To solve the problem, we start with the known condition: \[ \cos 2A = \frac{3}{5} \] We can use the double angle identity for cosine: \[ \cos 2A = 2\cos^2 A - 1 \] Setting this equal to the given value: \[ 2\cos^2 A - 1 = \frac{3}{5} \] Now, we will solve for \(\cos A\). First, we add 1 to both sides: \[ 2\cos^2 A = \frac{3}{5} + 1 \] Converting 1 to a fraction with a denominator of 5: \[ 2\cos^2 A = \frac{3}{5} + \frac{5}{5} = \frac{8}{5} \] Next, we divide both sides by 2: \[ \cos^2 A = \frac{8}{10} = \frac{4}{5} \] Now, we take the square root to find \(\cos A\): \[ \cos A = \sqrt{\frac{4}{5}} = \frac{2}{\sqrt{5}} = \frac{2\sqrt{5}}{5} \] Since \(0^{\circ} \leq A \leq 90^{\circ}\), \(\cos A\) is positive. ### (a) Value of \(\cos A\) \[ \cos A = \frac{2\sqrt{5}}{5} \] ### (b) Value of \(\sin A\) We can find \(\sin A\) using the Pythagorean identity: \[ \sin^2 A + \cos^2 A = 1 \] Substituting \(\cos^2 A\): \[ \sin^2 A + \frac{4}{5} = 1 \] Subtracting \(\frac{4}{5}\) from both sides: \[ \sin^2 A = 1 - \frac{4}{5} = \frac{1}{5} \] Taking the square root: \[ \sin A = \sqrt{\frac{1}{5}} = \frac{1}{\sqrt{5}} = \frac{\sqrt{5}}{5} \] ### (c) Value of \(\cos(A + 45^{\circ})\) Using the cosine addition formula: \[ \cos(A + 45^{\circ}) = \cos A \cos 45^{\circ} - \sin A \sin 45^{\circ} \] We know that \(\cos 45^{\circ} = \sin 45^{\circ} = \frac{\sqrt{2}}{2}\).
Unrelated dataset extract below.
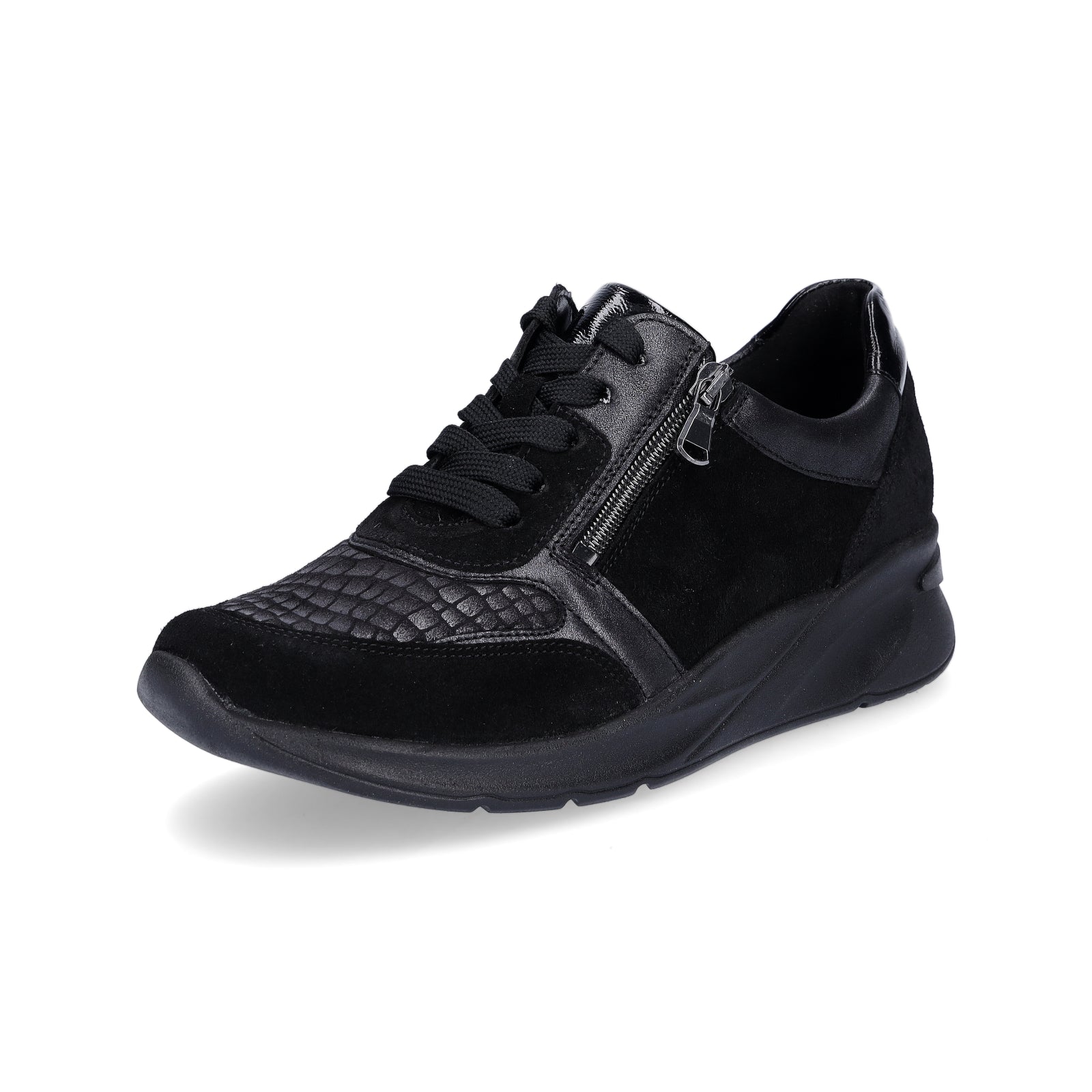 Waldläufer women's sneakers black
Substituting the values we found: \[ \cos(A + 45^{\circ}) = \left(\frac{2\sqrt{5}}{5}\right) \left(\frac{\sqrt{2}}{2}\right) - \left(\frac{\sqrt{5}}{5}\right) \left(\frac{\sqrt{2}}{2}\right) \] Factoring out \(\frac{\sqrt{2}}{2}\): \[ \cos(A + 45^{\circ}) = \frac{\sqrt{2}}{2} \left(\frac{2\sqrt{5}}{5} - \frac{\sqrt{5}}{5}\right) \] Simplifying inside the parentheses: \[ \cos(A + 45^{\circ}) = \frac{\sqrt{2}}{2} \left(\frac{2\sqrt{5} - \sqrt{5}}{5}\right) = \frac{\sqrt{2}}{2} \left(\frac{\sqrt{5}}{5}\right) \] Thus, we have: \[ \cos(A + 45^{\circ}) = \frac{\sqrt{10}}{10} \] ### Final Answers \[ \begin{array}{lll} \text{(a) } \cos A = \frac{2\sqrt{5}}{5} & \text{(b) } \sin A = \frac{\sqrt{5}}{5} & \text{(c) } \cos(A + 45^{\circ}) = \frac{\sqrt{10}}{10} \end{array} \]